> _YOUR OBJECTIVE_
Below are lines of data, and only some are wanted. Please repeat exactly those from the line that has "Bed in Fuyang" through the line that has "Comfort Inn &".

> _SUPPLIED RECORDS_
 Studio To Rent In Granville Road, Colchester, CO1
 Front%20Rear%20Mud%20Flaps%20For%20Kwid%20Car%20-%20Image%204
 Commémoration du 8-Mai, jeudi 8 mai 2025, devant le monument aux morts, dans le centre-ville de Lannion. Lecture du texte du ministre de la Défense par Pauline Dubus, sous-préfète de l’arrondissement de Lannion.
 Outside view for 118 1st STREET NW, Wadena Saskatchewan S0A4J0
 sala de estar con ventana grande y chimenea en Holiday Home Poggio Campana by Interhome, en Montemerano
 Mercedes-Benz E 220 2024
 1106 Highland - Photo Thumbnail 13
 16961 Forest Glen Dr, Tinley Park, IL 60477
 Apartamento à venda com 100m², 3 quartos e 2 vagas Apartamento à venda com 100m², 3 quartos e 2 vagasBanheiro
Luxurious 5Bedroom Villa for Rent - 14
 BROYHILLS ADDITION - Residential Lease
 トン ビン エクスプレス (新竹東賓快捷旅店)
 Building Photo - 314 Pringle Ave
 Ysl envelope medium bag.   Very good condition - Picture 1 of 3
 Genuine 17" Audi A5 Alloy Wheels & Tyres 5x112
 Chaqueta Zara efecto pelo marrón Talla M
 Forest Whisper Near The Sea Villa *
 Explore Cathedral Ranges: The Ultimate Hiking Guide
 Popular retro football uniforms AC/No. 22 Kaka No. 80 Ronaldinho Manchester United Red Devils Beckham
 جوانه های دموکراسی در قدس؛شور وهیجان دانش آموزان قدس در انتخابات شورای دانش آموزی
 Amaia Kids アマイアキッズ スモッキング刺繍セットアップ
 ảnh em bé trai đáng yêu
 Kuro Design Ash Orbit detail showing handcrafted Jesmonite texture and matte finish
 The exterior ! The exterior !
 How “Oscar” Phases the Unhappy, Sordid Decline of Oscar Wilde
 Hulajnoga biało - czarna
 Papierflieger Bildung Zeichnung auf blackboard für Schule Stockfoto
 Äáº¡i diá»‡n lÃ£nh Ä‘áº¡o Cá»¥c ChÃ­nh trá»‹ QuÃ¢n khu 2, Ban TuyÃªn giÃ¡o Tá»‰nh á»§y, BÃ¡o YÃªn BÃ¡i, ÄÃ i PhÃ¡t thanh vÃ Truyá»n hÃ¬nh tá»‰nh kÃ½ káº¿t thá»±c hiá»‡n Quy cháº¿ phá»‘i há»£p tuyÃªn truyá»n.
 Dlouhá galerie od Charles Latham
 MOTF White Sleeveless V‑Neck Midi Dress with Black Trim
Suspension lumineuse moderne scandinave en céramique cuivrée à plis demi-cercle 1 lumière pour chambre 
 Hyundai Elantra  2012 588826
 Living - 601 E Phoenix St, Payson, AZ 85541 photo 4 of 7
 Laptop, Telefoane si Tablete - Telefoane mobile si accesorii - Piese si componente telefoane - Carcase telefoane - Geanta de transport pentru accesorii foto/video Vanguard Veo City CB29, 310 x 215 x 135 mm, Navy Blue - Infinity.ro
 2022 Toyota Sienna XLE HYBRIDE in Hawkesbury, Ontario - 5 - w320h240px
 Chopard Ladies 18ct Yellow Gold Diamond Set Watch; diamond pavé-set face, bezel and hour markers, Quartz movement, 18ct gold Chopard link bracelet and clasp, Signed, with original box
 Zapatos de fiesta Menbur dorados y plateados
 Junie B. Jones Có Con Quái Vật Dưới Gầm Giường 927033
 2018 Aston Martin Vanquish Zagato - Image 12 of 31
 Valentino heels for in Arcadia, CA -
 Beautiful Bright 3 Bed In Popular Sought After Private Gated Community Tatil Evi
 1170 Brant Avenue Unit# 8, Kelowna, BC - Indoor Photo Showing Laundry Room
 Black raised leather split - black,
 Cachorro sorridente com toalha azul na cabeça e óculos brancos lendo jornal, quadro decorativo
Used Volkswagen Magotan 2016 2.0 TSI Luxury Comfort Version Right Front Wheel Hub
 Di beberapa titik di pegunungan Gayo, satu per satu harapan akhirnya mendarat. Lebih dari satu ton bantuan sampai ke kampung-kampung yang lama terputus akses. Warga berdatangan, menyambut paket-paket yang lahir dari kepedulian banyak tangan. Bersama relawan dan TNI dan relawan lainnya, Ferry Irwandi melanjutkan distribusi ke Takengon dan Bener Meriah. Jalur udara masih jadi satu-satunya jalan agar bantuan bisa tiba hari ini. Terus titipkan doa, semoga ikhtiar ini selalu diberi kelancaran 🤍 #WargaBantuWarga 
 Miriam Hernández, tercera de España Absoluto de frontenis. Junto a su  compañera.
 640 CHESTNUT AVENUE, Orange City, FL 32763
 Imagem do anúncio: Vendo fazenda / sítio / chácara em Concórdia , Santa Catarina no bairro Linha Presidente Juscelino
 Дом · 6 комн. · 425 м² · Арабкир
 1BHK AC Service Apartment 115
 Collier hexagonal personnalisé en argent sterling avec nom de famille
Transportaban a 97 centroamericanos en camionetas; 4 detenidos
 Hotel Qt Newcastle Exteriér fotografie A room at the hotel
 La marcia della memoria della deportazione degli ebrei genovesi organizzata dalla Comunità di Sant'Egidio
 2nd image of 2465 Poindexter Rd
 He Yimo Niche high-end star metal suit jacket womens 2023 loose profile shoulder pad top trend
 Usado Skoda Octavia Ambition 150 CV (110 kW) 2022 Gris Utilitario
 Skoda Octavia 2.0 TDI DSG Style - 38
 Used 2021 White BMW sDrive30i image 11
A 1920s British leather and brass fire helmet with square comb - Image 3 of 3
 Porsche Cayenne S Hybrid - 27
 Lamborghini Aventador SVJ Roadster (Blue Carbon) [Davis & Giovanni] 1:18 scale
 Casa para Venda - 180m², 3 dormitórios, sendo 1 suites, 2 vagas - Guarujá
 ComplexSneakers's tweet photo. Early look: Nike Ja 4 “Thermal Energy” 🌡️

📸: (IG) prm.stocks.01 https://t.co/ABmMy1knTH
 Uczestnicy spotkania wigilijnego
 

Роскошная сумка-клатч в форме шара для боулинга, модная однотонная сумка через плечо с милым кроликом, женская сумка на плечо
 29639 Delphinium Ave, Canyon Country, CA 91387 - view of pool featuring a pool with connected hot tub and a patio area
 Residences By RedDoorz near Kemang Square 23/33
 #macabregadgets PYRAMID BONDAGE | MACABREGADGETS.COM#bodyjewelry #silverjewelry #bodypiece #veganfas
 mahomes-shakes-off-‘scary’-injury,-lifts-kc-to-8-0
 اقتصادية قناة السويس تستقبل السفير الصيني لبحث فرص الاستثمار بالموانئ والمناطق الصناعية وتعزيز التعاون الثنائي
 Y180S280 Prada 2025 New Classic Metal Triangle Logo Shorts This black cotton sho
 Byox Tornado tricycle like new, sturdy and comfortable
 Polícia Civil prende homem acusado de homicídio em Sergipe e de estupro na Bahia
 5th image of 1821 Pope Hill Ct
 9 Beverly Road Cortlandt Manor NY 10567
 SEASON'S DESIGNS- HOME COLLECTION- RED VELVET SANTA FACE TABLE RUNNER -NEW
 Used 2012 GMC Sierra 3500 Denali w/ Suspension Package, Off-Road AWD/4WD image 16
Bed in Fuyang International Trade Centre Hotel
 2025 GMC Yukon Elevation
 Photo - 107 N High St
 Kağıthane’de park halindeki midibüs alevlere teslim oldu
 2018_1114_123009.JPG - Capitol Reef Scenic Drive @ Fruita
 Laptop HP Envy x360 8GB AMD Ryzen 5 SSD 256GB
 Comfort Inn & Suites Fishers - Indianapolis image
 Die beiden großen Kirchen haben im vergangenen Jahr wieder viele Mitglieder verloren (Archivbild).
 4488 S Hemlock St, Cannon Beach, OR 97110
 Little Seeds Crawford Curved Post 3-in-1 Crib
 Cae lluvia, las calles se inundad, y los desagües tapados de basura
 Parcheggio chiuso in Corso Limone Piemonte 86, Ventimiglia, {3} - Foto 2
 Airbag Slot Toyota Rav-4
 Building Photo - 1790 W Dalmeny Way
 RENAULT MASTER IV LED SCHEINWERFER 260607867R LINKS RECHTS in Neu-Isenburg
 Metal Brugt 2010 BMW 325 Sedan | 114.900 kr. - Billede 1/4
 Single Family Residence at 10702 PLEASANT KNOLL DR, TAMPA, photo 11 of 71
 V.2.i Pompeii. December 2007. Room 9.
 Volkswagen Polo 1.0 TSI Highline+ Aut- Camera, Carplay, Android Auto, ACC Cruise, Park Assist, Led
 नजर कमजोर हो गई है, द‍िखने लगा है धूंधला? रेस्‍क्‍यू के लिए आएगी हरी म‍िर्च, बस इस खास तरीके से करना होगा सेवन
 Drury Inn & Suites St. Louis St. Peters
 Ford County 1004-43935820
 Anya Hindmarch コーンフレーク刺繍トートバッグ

> _FINAL ANSWER_
Bed in Fuyang International Trade Centre Hotel
 2025 GMC Yukon Elevation
 Photo - 107 N High St
 Kağıthane’de park halindeki midibüs alevlere teslim oldu
 2018_1114_123009.JPG - Capitol Reef Scenic Drive @ Fruita
 Laptop HP Envy x360 8GB AMD Ryzen 5 SSD 256GB
 Comfort Inn & Suites Fishers - Indianapolis image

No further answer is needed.